↓
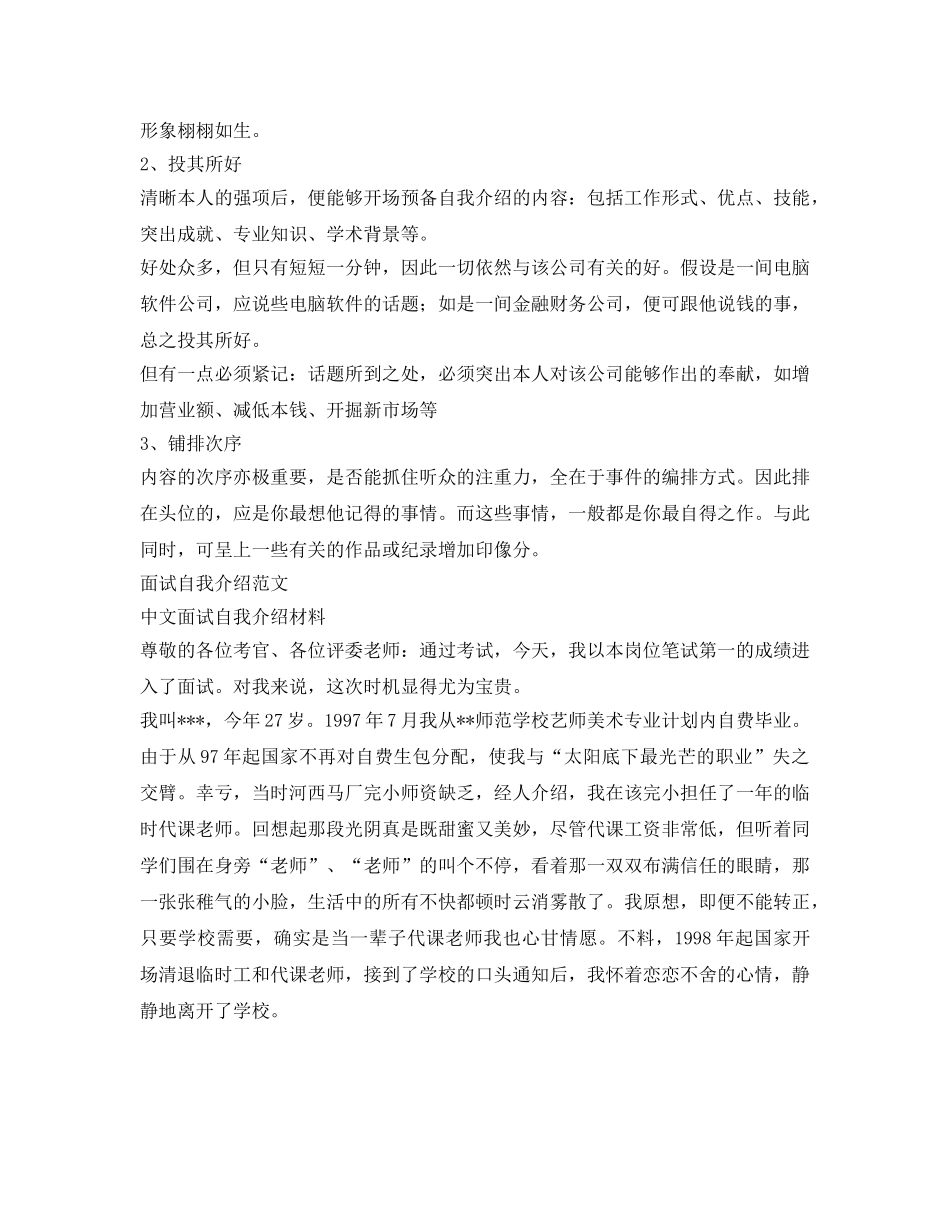 求职面试自我介绍参考例文 _第2页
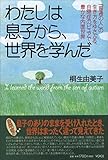 わたしは息子から、世界を学んだ　「普通の人」の生き方をゆさぶる、自閉症のピュアで豊かな内面世界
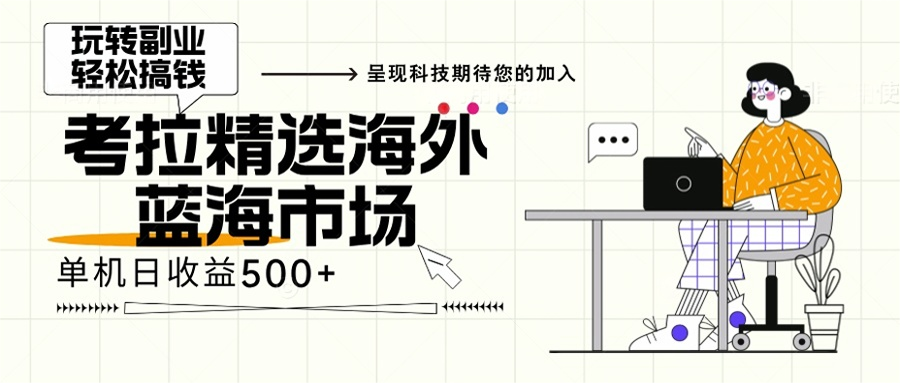 （13191期）海外全新空白市场，小白也可轻松上手，年底最后红利-七量思维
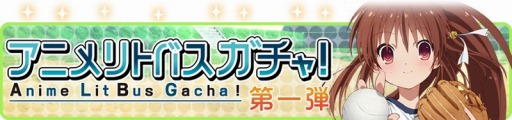 画像ギャラリー No.005のサムネイル画像 / 「リトルバスターズ！カードミッション」，アニメ版リトバスのカードが登場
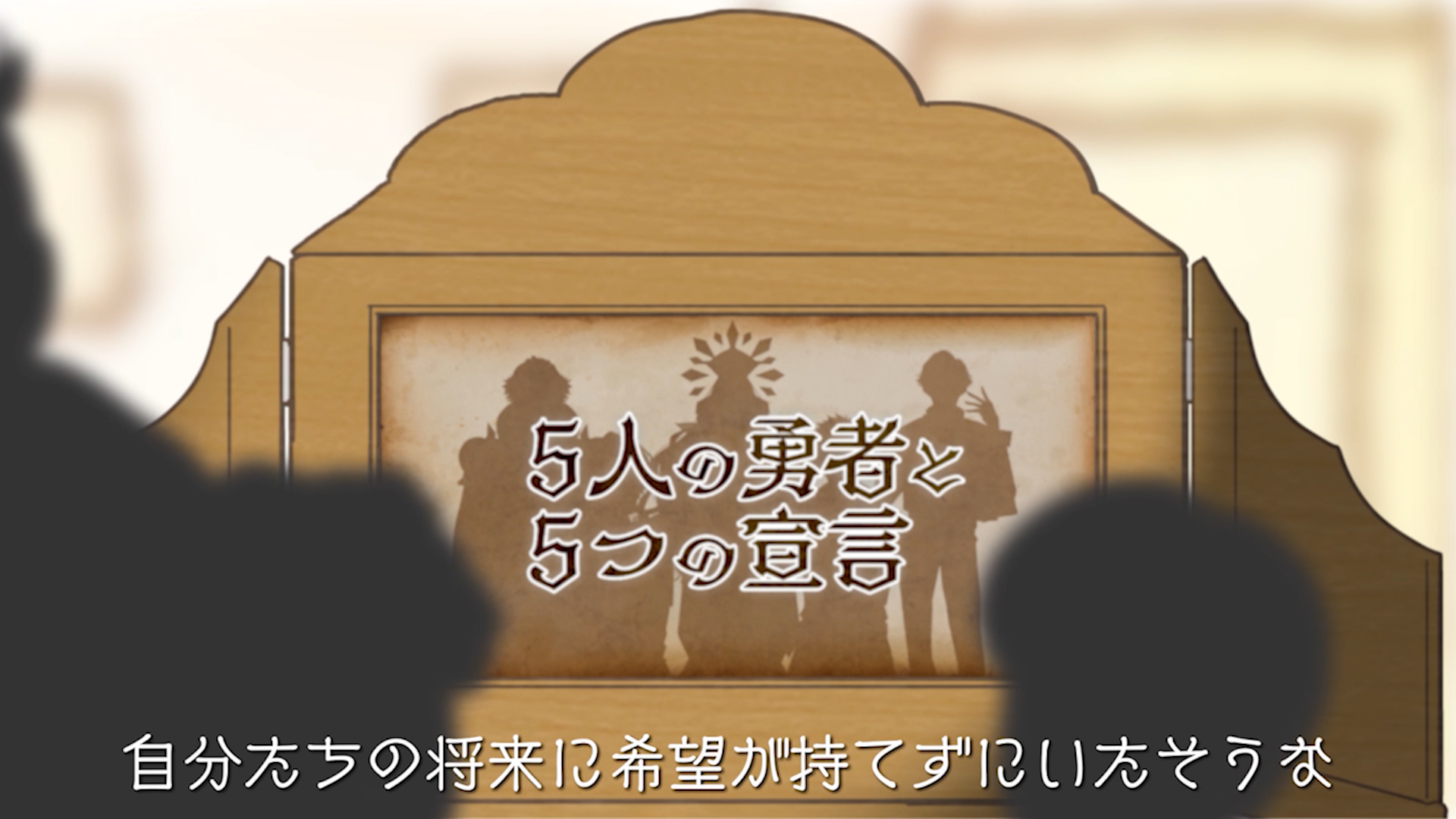 日本ジェネリック製薬協会 がかかげる５つのビジョンがミュージカル調動画に 5人の勇者と5つの宣言 公開 Dle Dream Link Entertainment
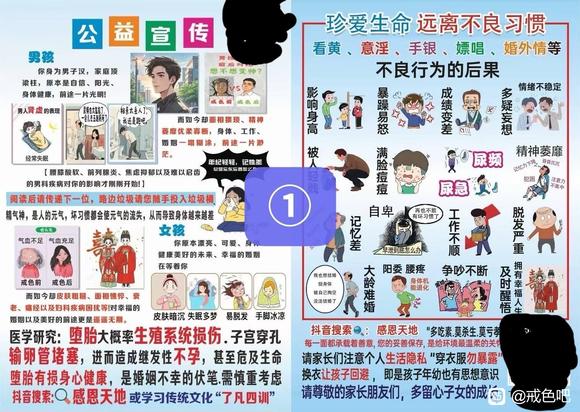 ”百日筑基差点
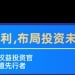 马年市场怎么走？千亿公募实力「军团」解码2026投资图谱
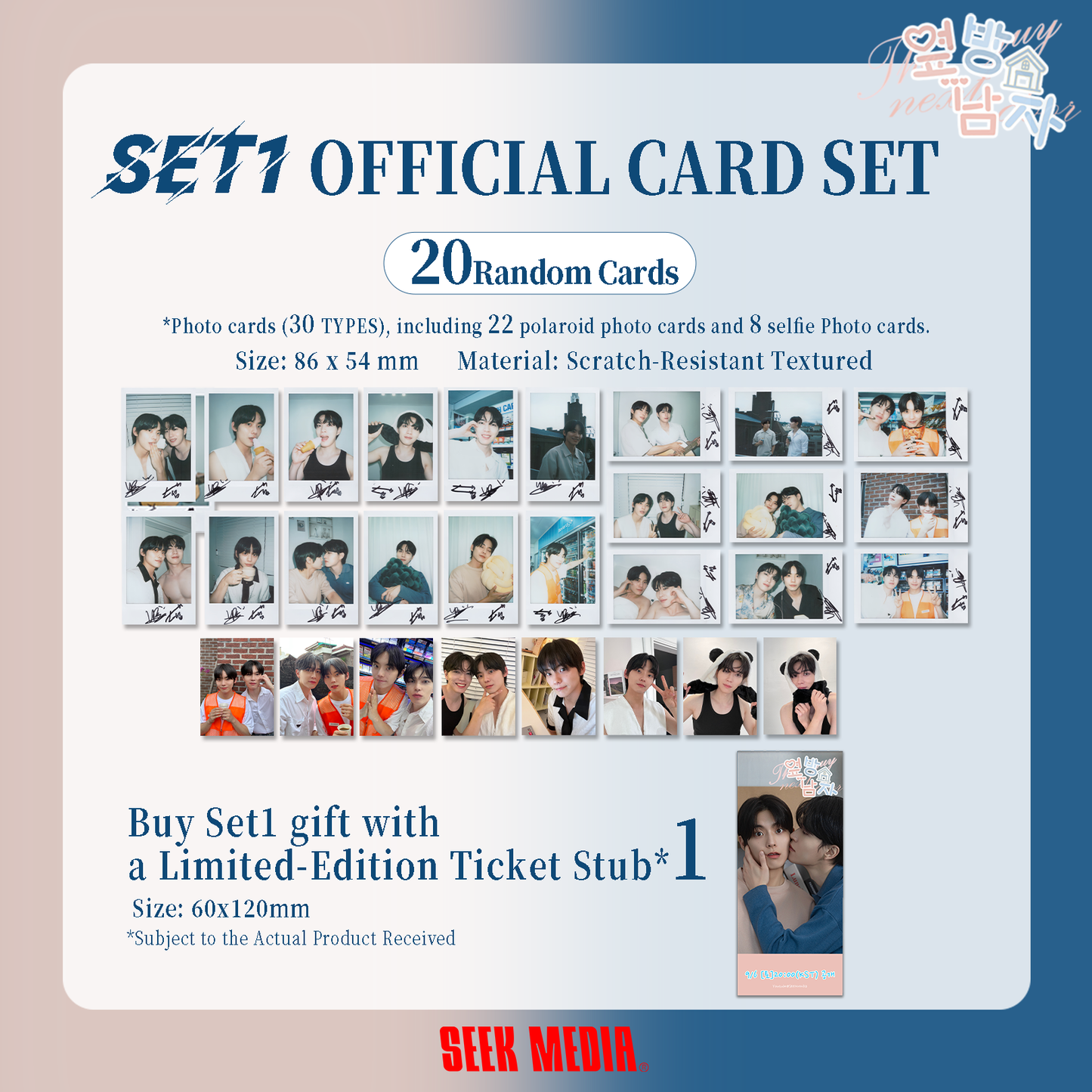 Polaroid Photo Card SET *TheGuyNextDoor Official Goods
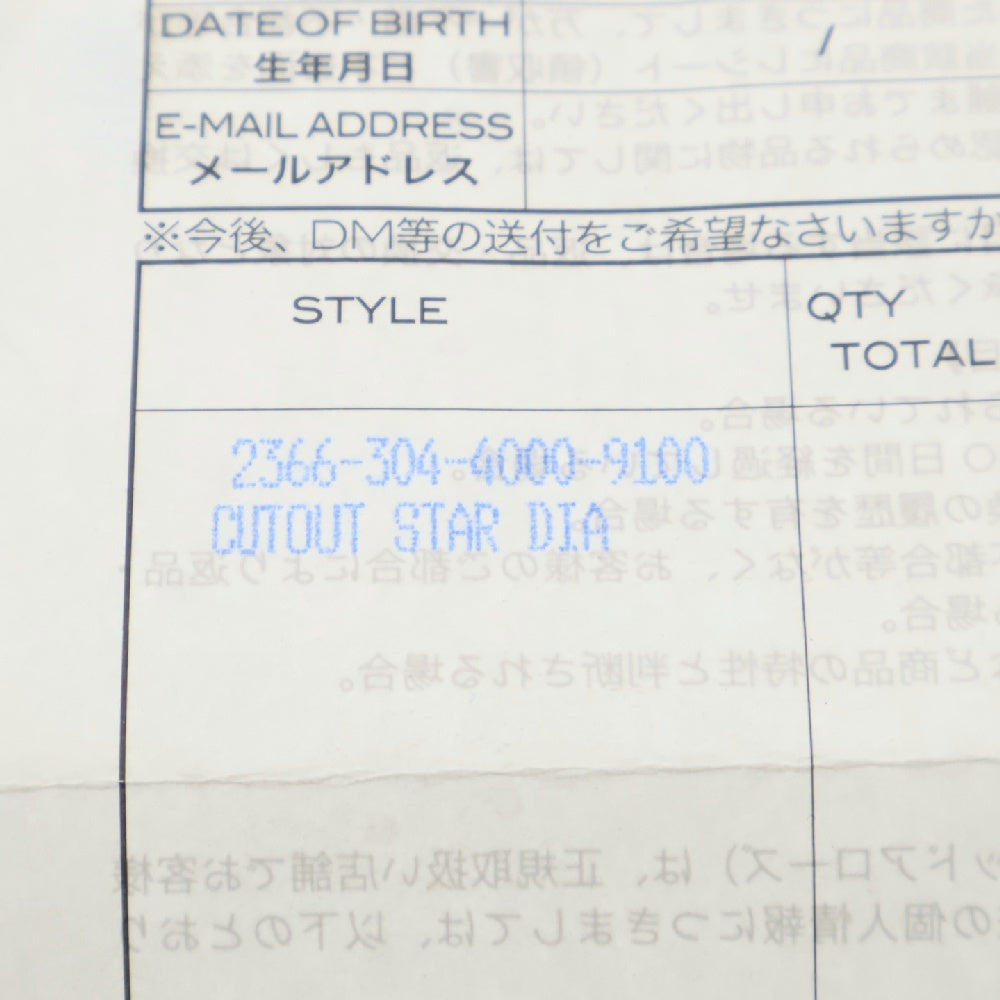 CHROME HEARTS(クロムハーツ) CO STAR DMND スタースタッド 1ダイヤ シルバーピアス 国内ギャラ付き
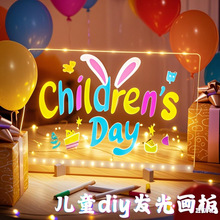 發光畫板diy爆款兒童益智玩具亞克力手繪展示板六一兒童節禮物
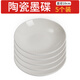 國畫調(diào)色盤墨碟調(diào)色小碟子陶瓷墨盤墨蝶瓷盤調(diào)色碟書法用顏料瓷碟白瓷毛筆盤子畫碟白瓷盤白色顏料盤塑料工具 5個裝陶瓷墨碟【批發(fā)價 不參與買贈】 保障：破損包賠  收藏加購 當天現(xiàn)貨速貨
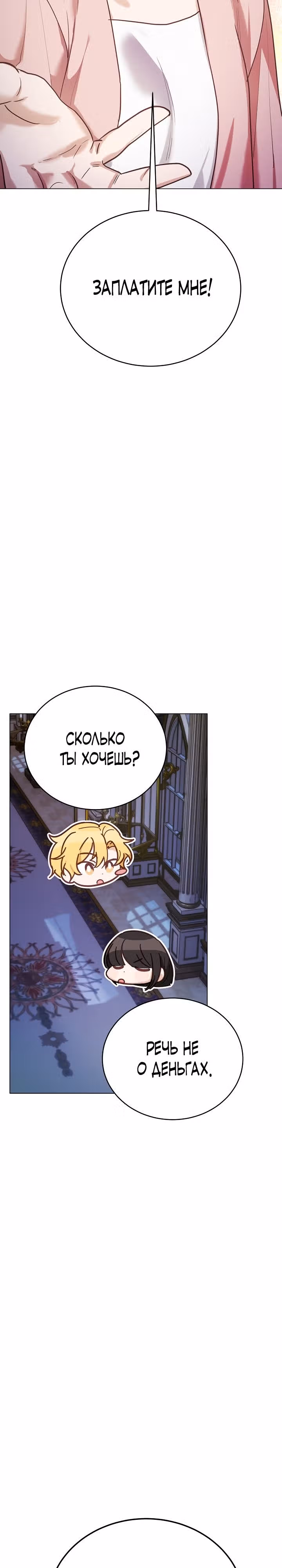 Если тебя поймают, ты умрешь! — Том 2 · Глава 45, страница 28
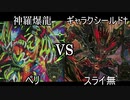真デュエマ動物園　第33回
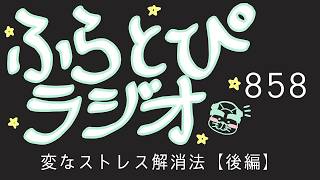 【ふらとぴラジオ】第858回：変なストレス解消法【後編】～嫌なことがあったらAIを理不尽に責め立てよう！～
↑
Return the whole of the material above exactly, with no picture carried over.

 求职面试自我介绍参考例文 _第2页
 わたしは息子から、世界を学んだ　「普通の人」の生き方をゆさぶる、自閉症のピュアで豊かな内面世界
 （13191期）海外全新空白市场，小白也可轻松上手，年底最后红利-七量思维
 画像ギャラリー No.005のサムネイル画像 / 「リトルバスターズ！カードミッション」，アニメ版リトバスのカードが登場
 日本ジェネリック製薬協会 がかかげる５つのビジョンがミュージカル調動画に 5人の勇者と5つの宣言 公開 Dle Dream Link Entertainment
 ”百日筑基差点
 马年市场怎么走？千亿公募实力「军团」解码2026投资图谱
 Polaroid Photo Card SET *TheGuyNextDoor Official Goods
 CHROME HEARTS(クロムハーツ) CO STAR DMND スタースタッド 1ダイヤ シルバーピアス 国内ギャラ付き
 發光畫板diy爆款兒童益智玩具亞克力手繪展示板六一兒童節禮物
 國畫調(diào)色盤墨碟調(diào)色小碟子陶瓷墨盤墨蝶瓷盤調(diào)色碟書法用顏料瓷碟白瓷毛筆盤子畫碟白瓷盤白色顏料盤塑料工具 5個裝陶瓷墨碟【批發(fā)價 不參與買贈】 保障：破損包賠  收藏加購 當天現(xiàn)貨速貨
 Если тебя поймают, ты умрешь! — Том 2 · Глава 45, страница 28
真デュエマ動物園　第33回
 【ふらとぴラジオ】第858回：変なストレス解消法【後編】～嫌なことがあったらAIを理不尽に責め立てよう！～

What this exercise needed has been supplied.